Ich habe keine täglichen Zeitungsabonnements. Von der Süddeutschen Zeitung habe ich die Wochenendausgabe abonniert, dafür ist auch nur am Wochenende Zeit. Außerdem habe ich die „Federwelt“ abonniert, eine Zeitschrift für Autorinnen und Autoren. Die lese ich meistens in der Bahn.

Wenn ich auf dem Weg von und nach Bremen bin, habe ich auch immer meinen eReader dabei. Früher habe ich gedacht, ich würde nie auf gedruckte Bücher verzichten können. Inzwischen genieße ich es sehr, jederzeit und überall den nächsten Krimi herunterzuladen und gleich lesen zu können. Die KrimiZEITBestenliste zum Beispiel verführt mich immer zu neuen digitalen Käufen und die Tipps von Zoë Beck (deren aktuellen Krimi „Schwarzblende“ man auch unbedingt lesen sollte!). Für Vieles fehlt aber auch oft die Zeit zwischen Radio und Radio und selber schreiben.

Für meine Radiosendungen muss und darf ich darüber hinaus auch Bücher von Autoren lesen, die als Gast eingeladen werden. Auch da habe ich schon viel Tolles entdeckt, auf das ich sonst vielleicht nie aufmerksam geworden wäre. Bei Nordwestradio gibt es immer Donnerstags im Frühprogramm die Rubrik „Wort und Totschlag“, für diese Reihe rezensiere ich neue Krimis. Ich empfehle unbedingt „Die Suche nach Tony Veitch" von William McIlvanney. Unglaubliche Sätze, die man sich am liebsten an die Wand hängen möchte. Und „Girl On the Train“ von Paula Hawkins - wahnsinnig eindrucksvolles Debüt, gerade erschienen.

In Sachen Apps bin ich dafür echt ganz hinten dran. Ich hab eine für Twitter und Facebook, LinkedIn und das Wetter. Dann eine fürs Laufen und die wichtigste: DB Navigator. Mit Meerkat muss ich mich noch besser anfreunden.

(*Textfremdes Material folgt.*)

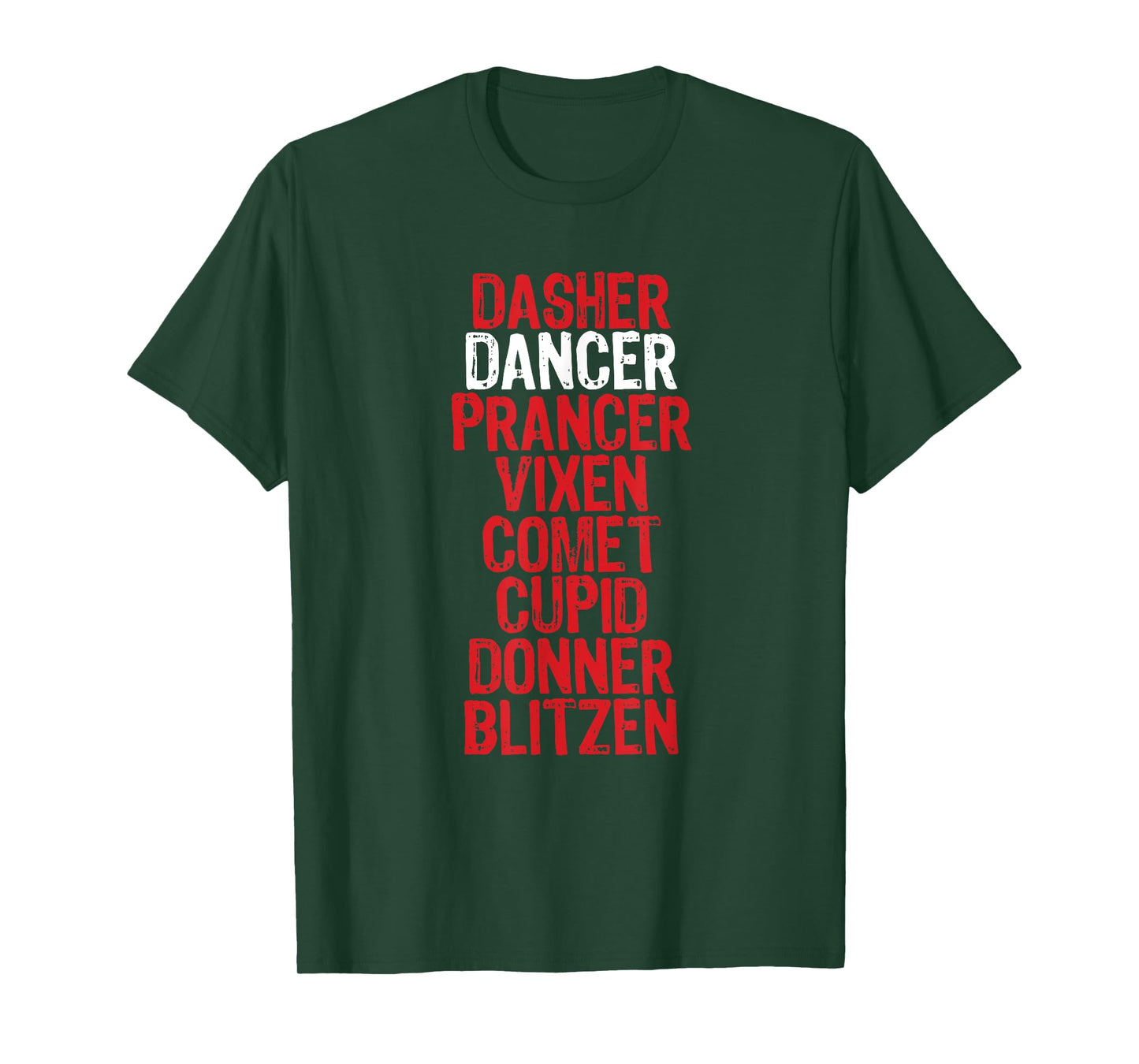 Dancer Christmas Shirt Girls Dance Top T-Shirt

Meerkat“ ist eine Smartphone-App (iOS und Android), mit der man einen Videolivestream an seine Twitter-Follower senden kann. Die App wurde Anfang 2015 veröffentlicht und erfuhr durch die Tech-Konferenz „South By Southwest“ im texanischen Austin einen großen Popularitätsschub – zumindest in einer extrem technikaffinen Zielgruppe. Twitter reagierte, indem es der App den Zugang zum sogenannten Social Graph abschnitt und verkündete gleichzeitig den Kauf der App „Periscope“ die die nahezu identische Funktionalität wie Meerkat besitzt.
Während ein Teil der Beobachter sagt, das individualisierte und vereinfachte Livestreaming über jedes beliebige Smartphone wäre die nächste große Medien-, wenn nicht gar Weltrevolution, sind andere skeptischer: Der Rummel um Apps wie Meerkat und Periscope sei nur ein weiterer Beweis für die Realitätsferne der Tech-Presse, die aus lauter Angst, das nächste große Ding zu verschlafen, völlig übersehe, dass die Zahl der realen Meerkat- und Periscope-Nutzer verschwindend gering sei.

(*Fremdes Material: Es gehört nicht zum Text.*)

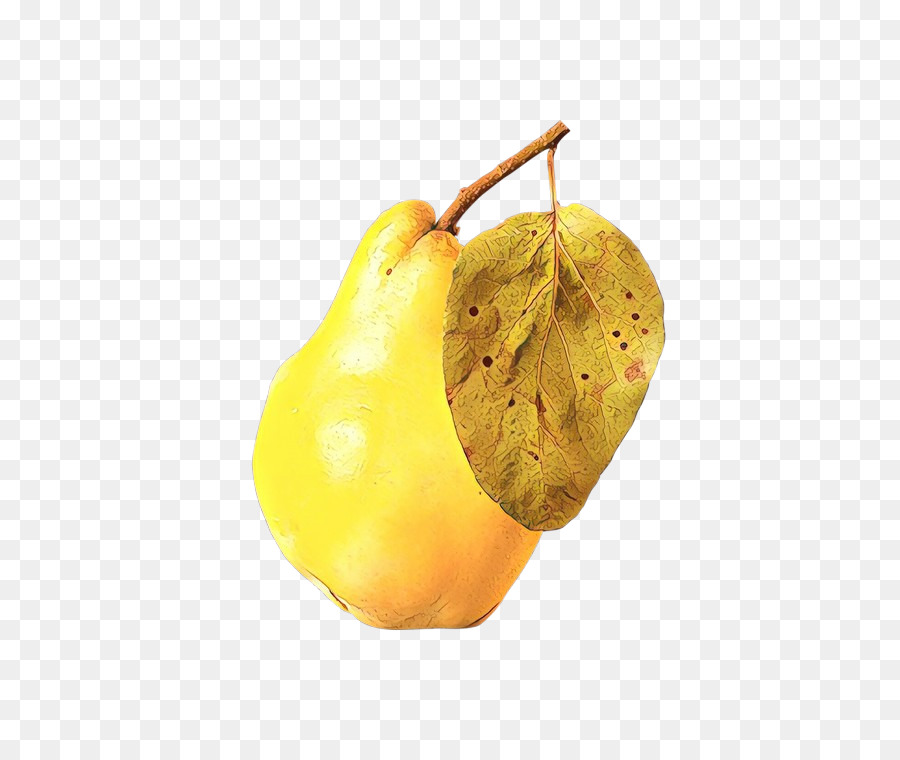 Buah Pir，Kuning PNG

Die eine Fernsehsendung, die ich selten verpasse, ist die Tagesschau. Wenn ich keine Frühsendung habe außerdem noch die Tagesthemen – und natürlich Thadeusz und die Beobachter im RBB Fernsehen. Meines Erachtens das Außergewöhnlichste und Beste, was das deutsche Fernsehen in Sachen „Polittalk“ zu bieten hat. Wirklich wahr. Am besten selbst davon überzeugen!

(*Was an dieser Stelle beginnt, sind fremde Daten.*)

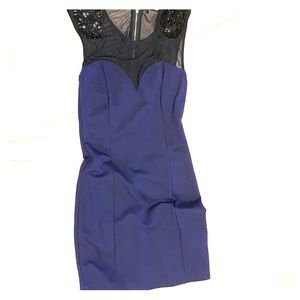 Navy Blue Dress!  Worn Once!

Fernsehen findet bei mir sonst inzwischen eher auf dem Computer beziehungsweise in der Mediathek statt. Ich bin Binge-Watcher geworden, Serien-im-Akkord-Guckerin. Bei Netflix „House of Cards“ „Orange is the new Black“ und „Bloodline“. In der ZDF-Mediathek meine aktuelle Neuentdeckung „Eichwald, MdB“ – leider gibt es nur vier Folgen. Aber wenn ihr das jetzt alle guckt, drehen die vielleicht noch was.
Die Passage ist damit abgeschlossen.